Plot polygon boundary

All kwargs are passed to Curve.plot.

Source code in src\curvey\polygon.py

def plot(self, **kwargs):
    """Plot polygon boundary

    All kwargs are passed to [Curve.plot][curvey.curve.Curve.plot].
    """
    for c in self.boundaries():
        c.plot(**kwargs)

`plot_edges(**kwargs)` ¤

Plot polygon boundary edges

All kwargs are passed to Curve.plot_edges.

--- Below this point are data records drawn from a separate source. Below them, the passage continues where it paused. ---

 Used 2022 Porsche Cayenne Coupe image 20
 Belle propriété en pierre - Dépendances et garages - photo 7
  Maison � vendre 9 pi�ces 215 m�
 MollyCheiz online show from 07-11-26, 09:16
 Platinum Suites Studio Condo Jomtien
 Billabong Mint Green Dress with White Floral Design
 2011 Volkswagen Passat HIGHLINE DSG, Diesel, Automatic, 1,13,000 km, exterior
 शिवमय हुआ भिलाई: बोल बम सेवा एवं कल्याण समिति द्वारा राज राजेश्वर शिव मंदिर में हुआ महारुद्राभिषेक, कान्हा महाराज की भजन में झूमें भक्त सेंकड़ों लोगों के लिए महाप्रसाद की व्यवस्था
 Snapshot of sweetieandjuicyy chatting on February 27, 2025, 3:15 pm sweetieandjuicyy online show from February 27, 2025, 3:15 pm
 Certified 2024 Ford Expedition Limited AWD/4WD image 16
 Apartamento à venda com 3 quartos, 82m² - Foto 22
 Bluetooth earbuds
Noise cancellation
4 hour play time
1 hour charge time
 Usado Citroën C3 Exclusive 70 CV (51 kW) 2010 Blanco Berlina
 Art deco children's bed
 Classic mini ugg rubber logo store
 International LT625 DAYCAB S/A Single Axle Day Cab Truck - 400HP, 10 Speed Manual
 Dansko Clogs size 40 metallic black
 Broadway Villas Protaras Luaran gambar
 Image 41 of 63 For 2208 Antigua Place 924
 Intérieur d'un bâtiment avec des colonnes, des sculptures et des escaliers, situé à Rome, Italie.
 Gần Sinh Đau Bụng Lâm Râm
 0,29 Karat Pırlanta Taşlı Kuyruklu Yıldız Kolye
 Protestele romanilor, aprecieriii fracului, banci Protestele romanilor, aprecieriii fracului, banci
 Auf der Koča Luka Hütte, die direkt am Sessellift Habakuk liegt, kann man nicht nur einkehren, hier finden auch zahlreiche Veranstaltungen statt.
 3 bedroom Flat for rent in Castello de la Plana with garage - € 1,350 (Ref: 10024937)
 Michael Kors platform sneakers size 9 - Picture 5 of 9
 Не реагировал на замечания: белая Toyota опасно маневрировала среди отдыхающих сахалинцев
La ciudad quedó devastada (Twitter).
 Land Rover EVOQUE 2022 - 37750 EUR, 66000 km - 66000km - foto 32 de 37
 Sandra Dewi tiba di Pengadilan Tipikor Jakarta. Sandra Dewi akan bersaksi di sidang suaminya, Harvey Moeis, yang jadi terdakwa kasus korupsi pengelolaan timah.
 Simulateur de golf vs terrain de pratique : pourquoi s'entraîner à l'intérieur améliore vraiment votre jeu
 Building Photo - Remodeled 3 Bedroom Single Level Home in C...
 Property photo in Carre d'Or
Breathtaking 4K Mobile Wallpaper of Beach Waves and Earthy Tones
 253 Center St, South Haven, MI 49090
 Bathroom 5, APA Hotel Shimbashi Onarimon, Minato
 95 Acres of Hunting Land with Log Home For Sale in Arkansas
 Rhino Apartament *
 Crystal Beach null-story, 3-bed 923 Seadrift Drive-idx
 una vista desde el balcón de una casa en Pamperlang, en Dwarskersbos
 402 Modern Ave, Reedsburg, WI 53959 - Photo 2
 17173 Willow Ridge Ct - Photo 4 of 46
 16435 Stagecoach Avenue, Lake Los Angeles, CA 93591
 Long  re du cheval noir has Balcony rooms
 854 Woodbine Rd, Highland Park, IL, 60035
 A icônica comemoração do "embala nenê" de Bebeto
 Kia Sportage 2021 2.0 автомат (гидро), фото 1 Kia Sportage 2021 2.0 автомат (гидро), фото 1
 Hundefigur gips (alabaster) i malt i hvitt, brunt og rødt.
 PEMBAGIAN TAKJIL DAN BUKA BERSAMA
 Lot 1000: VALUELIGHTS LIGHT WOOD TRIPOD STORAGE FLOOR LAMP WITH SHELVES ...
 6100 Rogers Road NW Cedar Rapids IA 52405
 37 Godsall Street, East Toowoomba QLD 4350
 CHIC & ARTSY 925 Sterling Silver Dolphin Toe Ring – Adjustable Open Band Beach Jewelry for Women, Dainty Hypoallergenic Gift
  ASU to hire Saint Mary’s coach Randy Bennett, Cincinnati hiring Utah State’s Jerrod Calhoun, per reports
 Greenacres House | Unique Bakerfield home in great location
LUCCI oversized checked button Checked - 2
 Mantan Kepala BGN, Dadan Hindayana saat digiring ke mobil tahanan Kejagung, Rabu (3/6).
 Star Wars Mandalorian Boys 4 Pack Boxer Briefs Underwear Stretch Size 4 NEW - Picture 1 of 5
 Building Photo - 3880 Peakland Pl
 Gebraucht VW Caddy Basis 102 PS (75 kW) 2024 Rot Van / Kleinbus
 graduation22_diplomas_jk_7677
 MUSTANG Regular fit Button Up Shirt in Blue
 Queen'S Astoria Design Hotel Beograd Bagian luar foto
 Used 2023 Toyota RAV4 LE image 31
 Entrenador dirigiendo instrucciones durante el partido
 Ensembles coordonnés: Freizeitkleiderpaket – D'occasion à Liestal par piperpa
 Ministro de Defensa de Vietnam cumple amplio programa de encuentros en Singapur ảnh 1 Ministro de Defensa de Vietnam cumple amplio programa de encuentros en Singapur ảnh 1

Source code in src\curvey\polygon.py

def plot_edges(self, **kwargs):
    """Plot polygon boundary edges

    All kwargs are passed to [Curve.plot_edges][curvey.curve.Curve.plot_edges].
    """
    for c in self.boundaries():
        c.plot_edges(**kwargs)

`plot_polygon(ax: Axes | None = None) -> PathPatch` ¤

Plot a filled polygon

Source code in src\curvey\polygon.py

def plot_polygon(self, ax: Axes | None = None) -> PathPatch:
    """Plot a filled polygon"""
    ax = _get_ax(ax)
    patch = PathPatch(self.to_matplotlib())
    ax.add_patch(patch)
    ax.update_datalim(self.exterior.points)
    ax.autoscale_view()
    return patch

`to_ccw() -> Self` ¤

A positively-oriented (counter-clockwise) polygon

Source code in src\curvey\polygon.py

def to_ccw(self) -> Self:
    """A positively-oriented (counter-clockwise) polygon"""
    return self.to_orientation(1)

`to_cw() -> Self` ¤

A negatively-oriented (clockwise) polygon

Source code in src\curvey\polygon.py

def to_cw(self) -> Self:
    """A negatively-oriented (clockwise) polygon"""
    return self.to_orientation(-1)

`to_edges() -> Edges` ¤

An edge soup representation of all the edges in the polygon boundaries

Source code in src\curvey\polygon.py

def to_edges(self) -> Edges:
    """An edge soup representation of all the edges in the polygon boundaries"""
    return Edges.concatenate(*(c.to_edges() for c in self.boundaries()))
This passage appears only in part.